Most of the new and interesting NFL advanced stats coming out have their roots or at least some inspiration from the Big Data Bowl. The Big Data Bowl has been running in one form or another since 2019 and is the single best pipeline to enter the NFL as a data scientist bar none. Here at SumerSports we have several analysts who competed in the BDB since its inception.
If you’re on Twitter, and God help you if you are, you may have run across this tweet from former PFF and current 33rd Team contributor, podcaster, and analyst Sam Monson talking about the use and misuse of football data and the explosion of these new NFL advanced stats.
There is a lot of bad use of data flying around these days.
So many new data points, and a lot of them NOBODY has any idea what they’re actually useful for. https://t.co/hiX1QZPJaX
— Sam Monson (@SamMonsonNFL) September 11, 2024
Now, I don’t agree that no one has any idea what they’re actually useful for, but I do agree there is a lot of data misused on the internet and not necessarily in bad faith, though that happens.
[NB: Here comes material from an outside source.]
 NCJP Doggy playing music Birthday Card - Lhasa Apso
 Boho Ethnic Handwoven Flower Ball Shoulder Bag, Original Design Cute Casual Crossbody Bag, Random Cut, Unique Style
Sometimes people don’t know exactly what a data point or model is measuring, so they misattribute the results. So, let’s talk about modeling assumptions and what some of these models actually mean and when you should and shouldn’t use them.
The Nuance of ‘Expectation’
One of the most loaded terms in NFL advanced stats is expectation, what the heck does this mean? Well, every single metric that says expectation means something slightly different. In Expected Points Added the expected essentially means game state, in Completion Percentage Over Expectation it means degree of difficulty (kind of, more on that later) so it’s unsurprising this term causes confusion. Expected value essentially means the average value given your assumptions but those assumptions are not always obvious which is why this article is here.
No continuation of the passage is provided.